The idea of good music means today exactly what it meant always. Music should speak for itself, going straight to the heart and mind of the listener.”
Coming from a composer who had virtually abandoned conventional musical notation, preferring at times (e.g. 1961’s Threnody for the Victims of Hiroshima) black bands of “clusters” or wavy lines, who seemed driven to stretch the instruments until they more resembled plummeting airplanes than instruments of any sort, this statement might seem a bit peculiar.
When I heard Penderecki’s Violin Concerto for the first time twelve years ago, I recall struggling to fit it into any musical context whatsoever.
But in the year 2008 the greatest surprise in listening to the Midem-award winning edition of Capriccio (1967), De Natura Sonoris II (1971) and the “Resurrection” Piano Concerto (2001/2002) is how much of this music one recognizes, and has to some extent been assimilated into the musical vocabulary a listener brings to a record.
The most impressive piece here is undoubtedly the opening Capriccio with stunning violin work by Patrycja Piekutowska (her work in the collection of Penderecki’s violin/piano chamber music, also put out by DUX, is another highlight of the current “special edition” of Penderecki’s work).
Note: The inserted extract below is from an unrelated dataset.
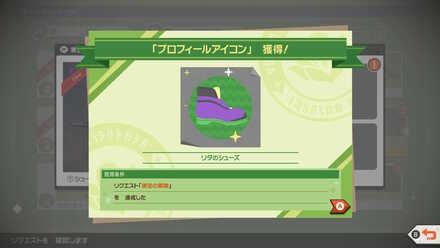 リタのシューズ画像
This is clearly a case of an award well chosen ? I cannot recall another DUX release in which both the soloist and the orchestra play with such passion.
Particularly in this first piece, there is an imperative quality to every phrase. The liner notes speak of the solo part as a “mockery of the classical cadenza,” however, and here I cannot agree; even in his avant-garde phase, as the quote at the top of the page would seem to suggest, Penderecki seldom strikes my ear as being ironic vis a vis tradition.
The “cadenza” in question resonates emotionally in a way that goes far beyond mockery, though it does carry the weight of historical trauma. Detractors have sometimes accused Penderecki of calling added attention to his music through the use of dramatic titles, linking his works to major historical tragedies (Auschwitz, Hiroshima).
The “Resurrection” Piano Concerto’s title was given in tribute to the events of Sept. 11, 2001 in America, where it was to have its premiere. The work was commissioned before the attack in New York; Penderecki changed the light-hearted Capriccio he was preparing into something more serious in nature.
I have not been troubled by his “tributes” in the past, but here it seems he stumbles at times in trying to express the gravity of his material. Near the end things become positively anthemic, church bells start ringing, and the phoenix comes flying up out of the ashes, as it were. All this has a certain logic, given that it was written for the birthplace of the “happy ending.” But there is a tone of falsity ? or at least a forced quality ? that is seldom found in Penderecki’s work.
Having said the above, the orchestra and soloist (Beata Bilinska is on piano) are again top-notch, and the opening of the piece has some wonderful ? and surprisingly melodic ? passages.
The piano concerto is a difficult genre, which the best of composers have struggled against and lost. All things considered, the work is a qualified success.